From left to right, Eman Atshan, Sommer Ahmad, Baraa Omari and
Reema Ahmad get out the vote for 2016 U.S. Senate candidate Russ Feingold.

“Reema got us all hooked on Harry Potter and protagonists like Hermione, and she would take us to Harry Potter birthday parties at the library and get involved as a volunteer. Perhaps we sisters were practice and training for the role she plays for many other people—empowering their voices, pushing them to participate and hold onto their agency and narrative, to trust themselves and uplift their experiences even if they’re in the minority. Reema does that thoughtfully in every part of her personal and professional life.

“Sometimes it is frustrating from a sister’s point of view. She deserves more credit, more care for herself. Deserves a big reward.”

“What is Reema like?” Without a second of hesitation, her father Yasser Ahmad responded, “Very kind. Extremely selfless.

“I remember an incident I learned of from a friend. She had the opportunity to go out of state to a more prominent university, but she didn’t. She told a friend of ours that she didn’t want to be away and her sisters grow up without her.

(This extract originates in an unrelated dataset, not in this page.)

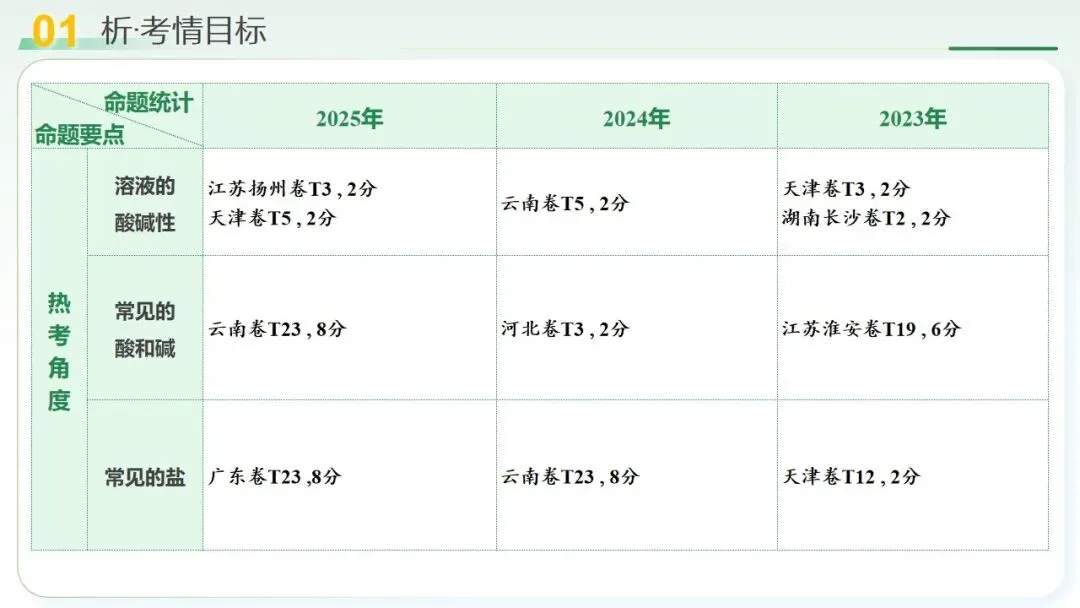 常见的酸碱盐中考复习 第5张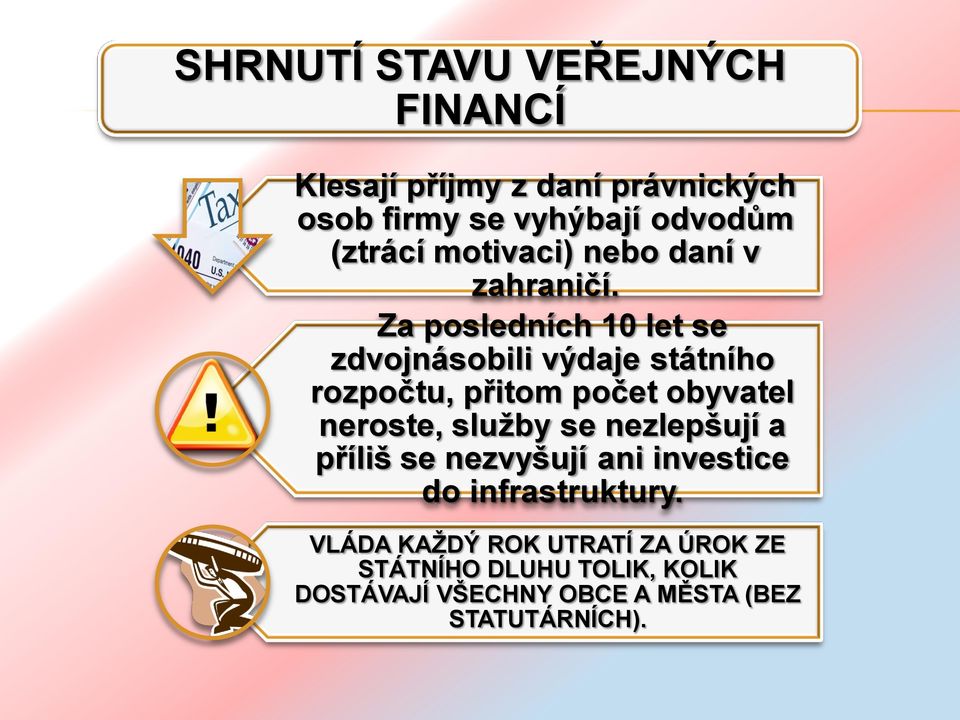 Za posledních 10 let se zdvojnásobili výdaje státního rozpočtu, přitom počet obyvatel neroste, služby se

“When they need something, they don’t call her mother and me. They call Reema.

“When she graduated from Marquette University, she was offered a good job but she went to work part-time for CAIR instead. Twice a week she had to take the train to Chicago. She worked hard, invested her time and what she was paid did not even pay for the train ride. She wanted to do it because she would help the Muslim community. That’s who she is.”

Ahmad was arrested by Racine police in March 2018 for protesting outside House Speaker Paul Ryan’s office, calling for a vote on permanent legislation for DACA.